START Exercise inputs

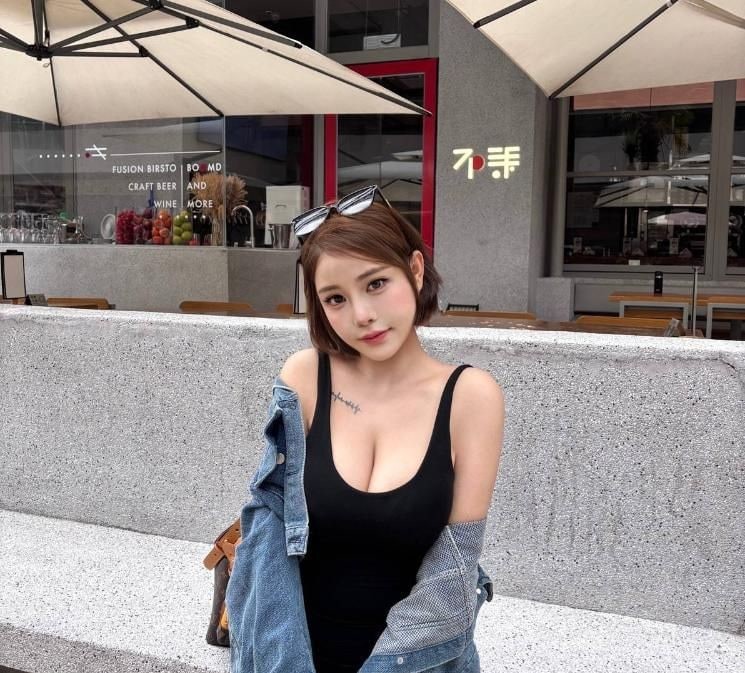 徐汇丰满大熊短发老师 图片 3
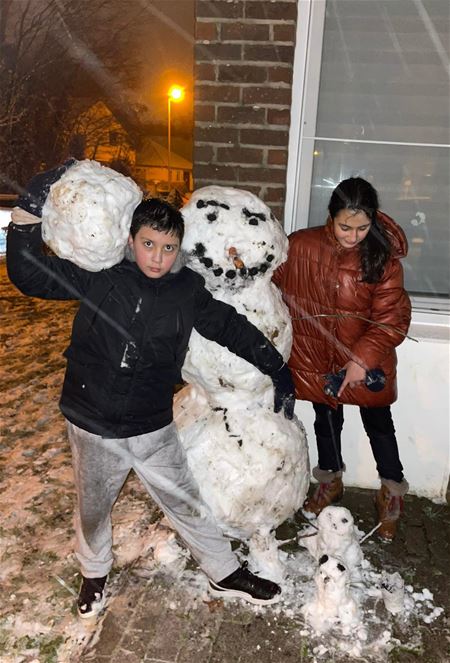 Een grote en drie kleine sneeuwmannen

END Exercise inputs
START Exercise inputs

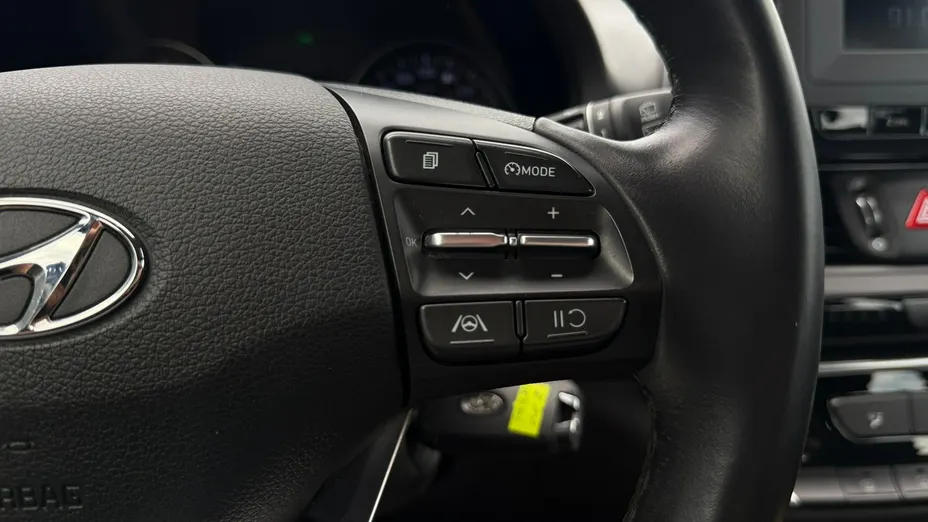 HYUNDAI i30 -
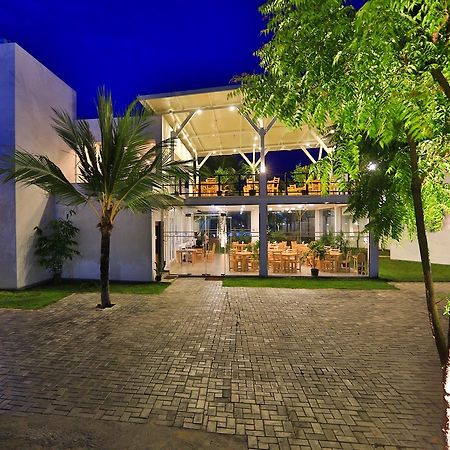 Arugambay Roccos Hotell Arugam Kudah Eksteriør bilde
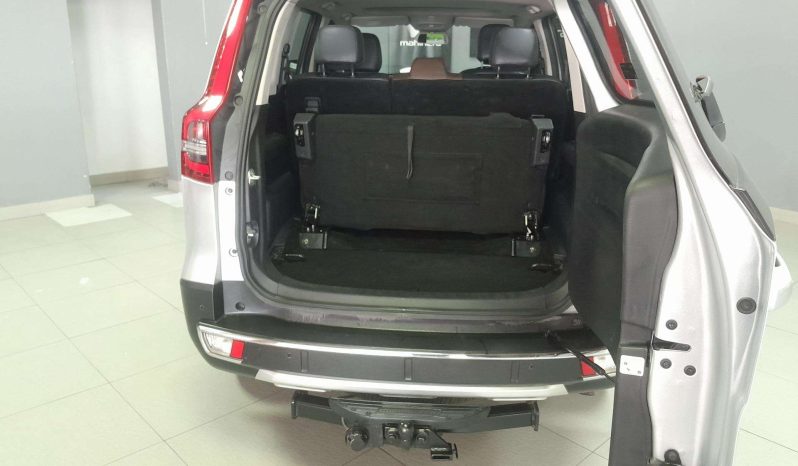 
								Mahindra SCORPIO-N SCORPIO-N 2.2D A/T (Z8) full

END Exercise inputs
START Exercise inputs

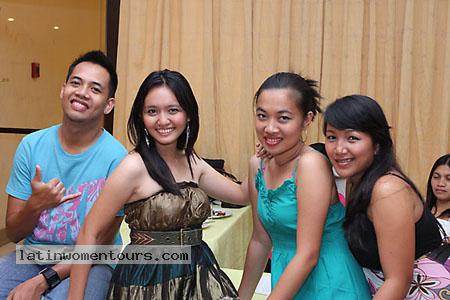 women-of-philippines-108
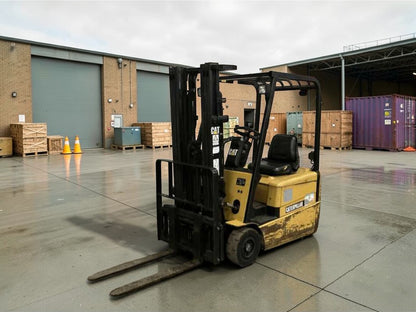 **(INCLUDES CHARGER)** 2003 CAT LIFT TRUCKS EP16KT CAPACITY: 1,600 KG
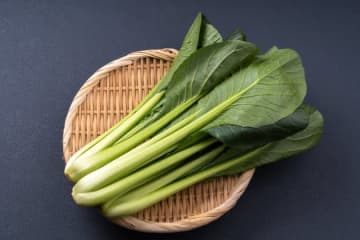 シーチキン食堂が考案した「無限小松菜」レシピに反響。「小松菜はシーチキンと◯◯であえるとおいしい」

END Exercise inputs

Among the entries above, take the line with "徐汇丰满大熊短发老师 图片 3", the line with "Een grote en drie kleine sneeuwmannen", and all the lines between them, and restate them word for word without pictures.

 徐汇丰满大熊短发老师 图片 3
 Een grote en drie kleine sneeuwmannen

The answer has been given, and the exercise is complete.